The tax-payers and people in Sabah and Sarawak would no longer stand for it unless Mahathir wants to be accused of being a “thief”.
The latest story is about Proton Holdings Bhd chairman Mohd Nadzmi Mohd Salleh expressing an interest in the privatization of Proton. For starters, Proton is already private, so how much more private can it be?
Having said that, the question that can be raised is this: “Just who is Nadzmi?” No one is impressed with his so-called track record. Everyone knows that such track records are a dime-a-dozen in the aftermath of the New Economic Policy (1970-1990).
Most of the Nadzmi types make money in the re-shuffling of assets with the right hand buying from the left hand in incestuous arrangements.
In the most notorious of such arrangements, the federal government sold a thriving Malaysia Airlines (MAS) to Tajuddin Ramli whose only experience of the industry is a helicopter company with two machines. Tajuddin bought MAS at RM 4 a share.
Years later, the government bought virtually bankrupt MAS from a chastened Tajuddin at RM 8 a share. Several billion in public funds were flushed down the drain in the blink of an eye just to prove that some people can do business.
MAS, thrice bankrupt and headed for a fourth bankruptcy before Tony Fernandes of Air Asia marched in through a share-swap arrangement, is an example of the history of failures besetting corporatization, privatization and the GLC sector in Malaysia.
Old engine under new hood
The fact is that Proton is a hare-brained idea, indeed a scam of the highest order against the long-suffering Malaysian motorists, and should be wound up immediately.
Proton has survived for years by distorting the vehicle market in Malaysia and this is one option which it can no longer rely on, given the opening up of the market in Asean.
The thrust of car manufacturing is the engine which takes several years to develop and at least three years in commercial production to re-coup the cost of development. It’s from the fourth year that a model can make money but not for long since a new engine model would have to be introduced every three years to match market expectations.
No car manufacturer in the saloon range can break even unless it can sell at least a million units a year. This assumes that all other car components, besides the engine, are sourced from an efficient network of independent suppliers and vendors.

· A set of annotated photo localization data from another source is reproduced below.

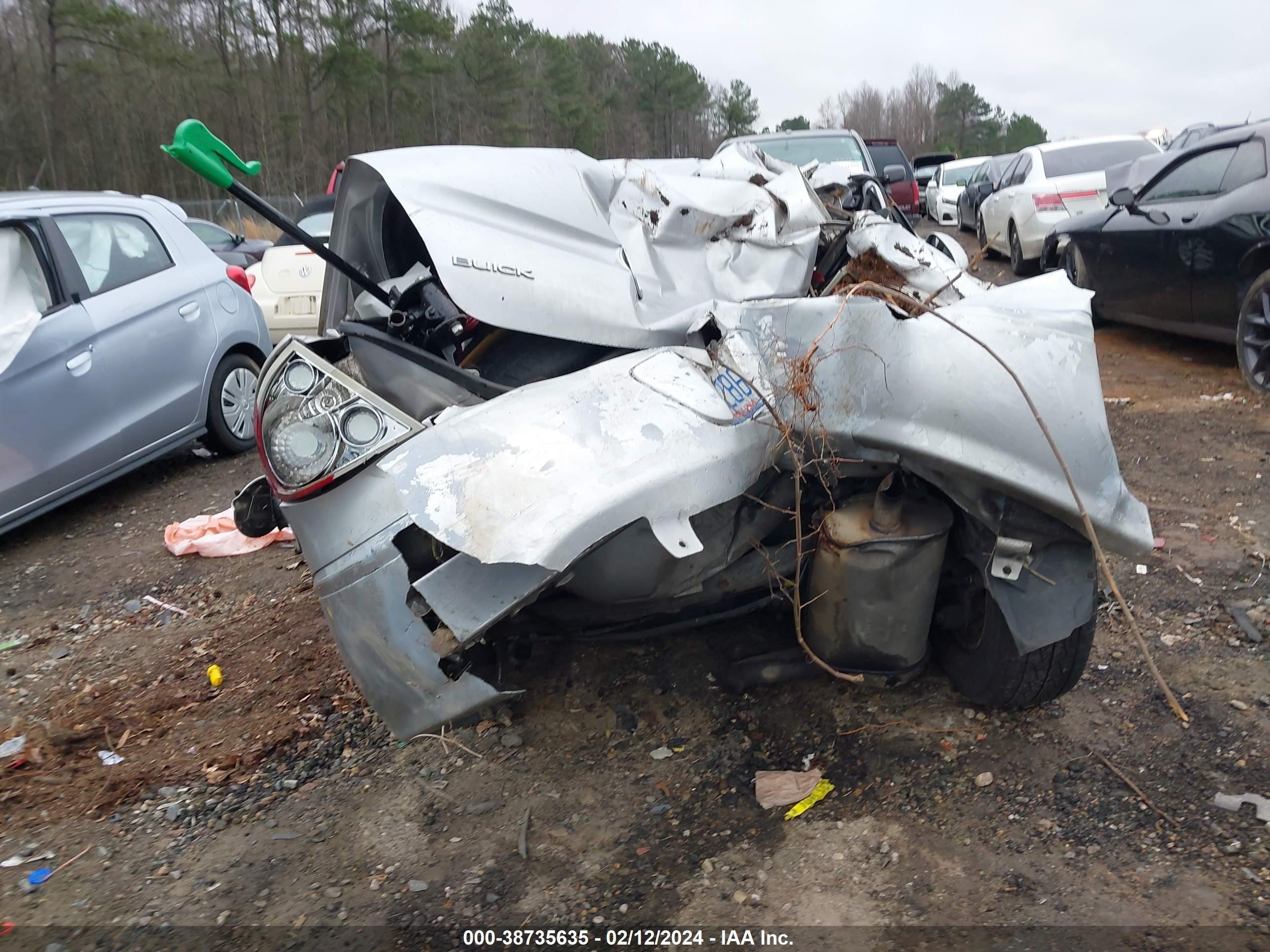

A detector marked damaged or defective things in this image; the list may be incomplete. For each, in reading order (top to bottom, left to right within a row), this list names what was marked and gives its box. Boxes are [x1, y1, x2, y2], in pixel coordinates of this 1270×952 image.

torn sheet metal [338, 151, 828, 353]
torn sheet metal [843, 212, 990, 306]
broken headlight assembly [255, 340, 424, 503]
wrecked silver car [164, 121, 1158, 736]
rusty muffler canister [808, 475, 950, 675]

One million a year – think Toyota — is a number that Proton will never reach and this factor alone thereby underlines the sheer unviability of the so-called national car maker.

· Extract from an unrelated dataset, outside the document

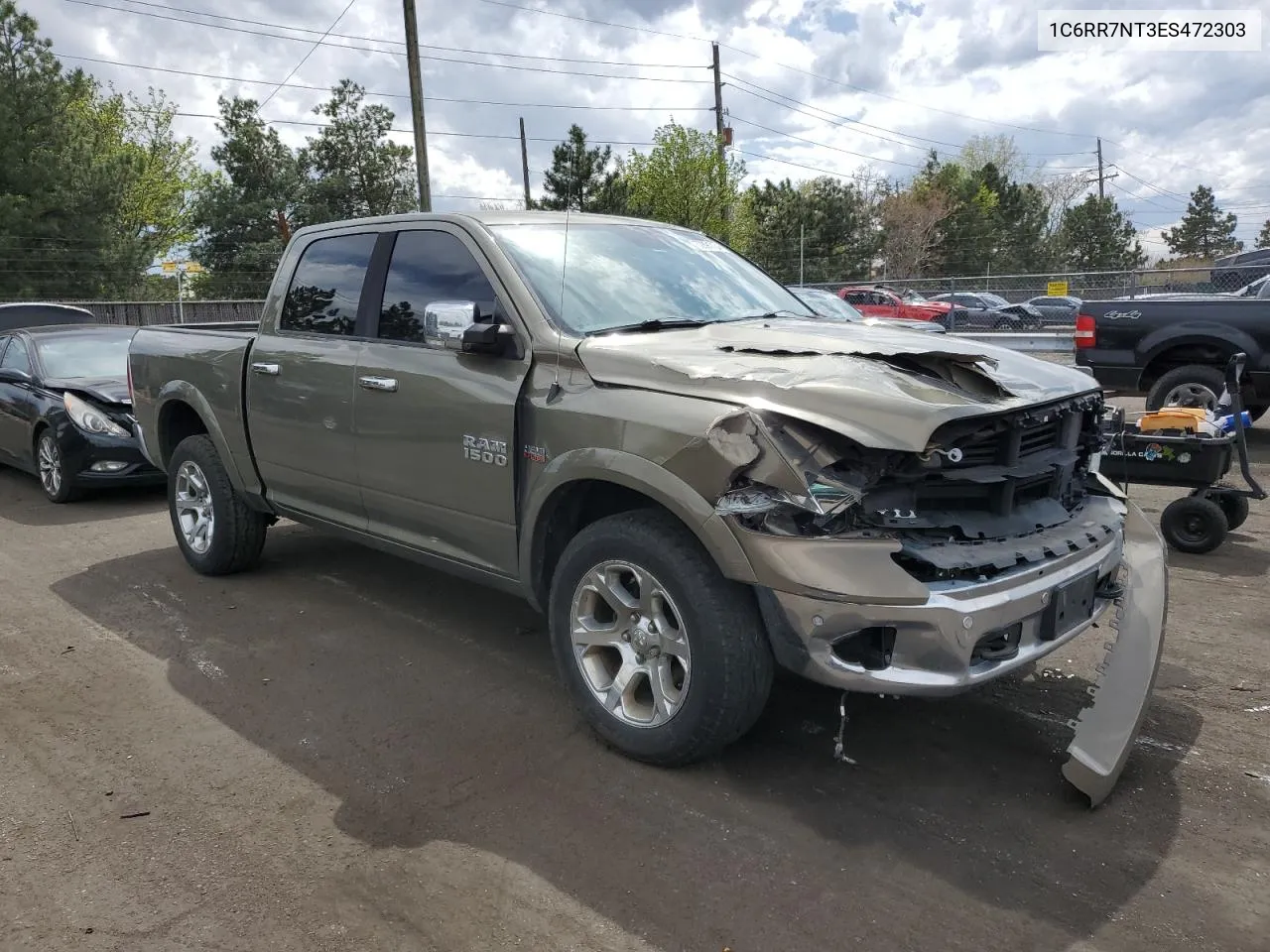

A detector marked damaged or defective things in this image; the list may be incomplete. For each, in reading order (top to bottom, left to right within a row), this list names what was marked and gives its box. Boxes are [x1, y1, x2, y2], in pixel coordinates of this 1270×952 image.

damaged sedan [123, 211, 1163, 807]
damaged pickup truck [123, 214, 1163, 807]
crumpled hood [581, 318, 1096, 451]
dented front fender [1062, 502, 1168, 807]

From its very first entry into the market until today, more than 30 years later, Proton has been peddling the first engine in cosmetic variations because it could not afford to design, neither did it have the engineering capability, to produce new engine models every three years.
Proton could of course buy new engineering designs from the Japanese, as it did with the first from Mitsubishi, but such purchases don’t come cheap.
Again, that assumes the Japanese are willing to part with such designs, which they are not. Why should the Japanese shoot themselves in the foot? They will never sell the latest engineering design but may be persuaded to part with something that they don’t really want.
Mitsubishi took Proton for a ride by selling it the engineering design of a model which had failed in the local and Singapore market. To add insult to injury, the Japanese sold Proton old manufacturing jigs by passing it off as new.
It’s also a known fact that Mitsubishi is a failing company in car manufacturing and has been failing for a long time, in fact from even before it teamed up with Proton.
The Proton Saga was Mitsubishi’s way of increasing its market share in Malaysia against competition from other Japanese makers and western companies.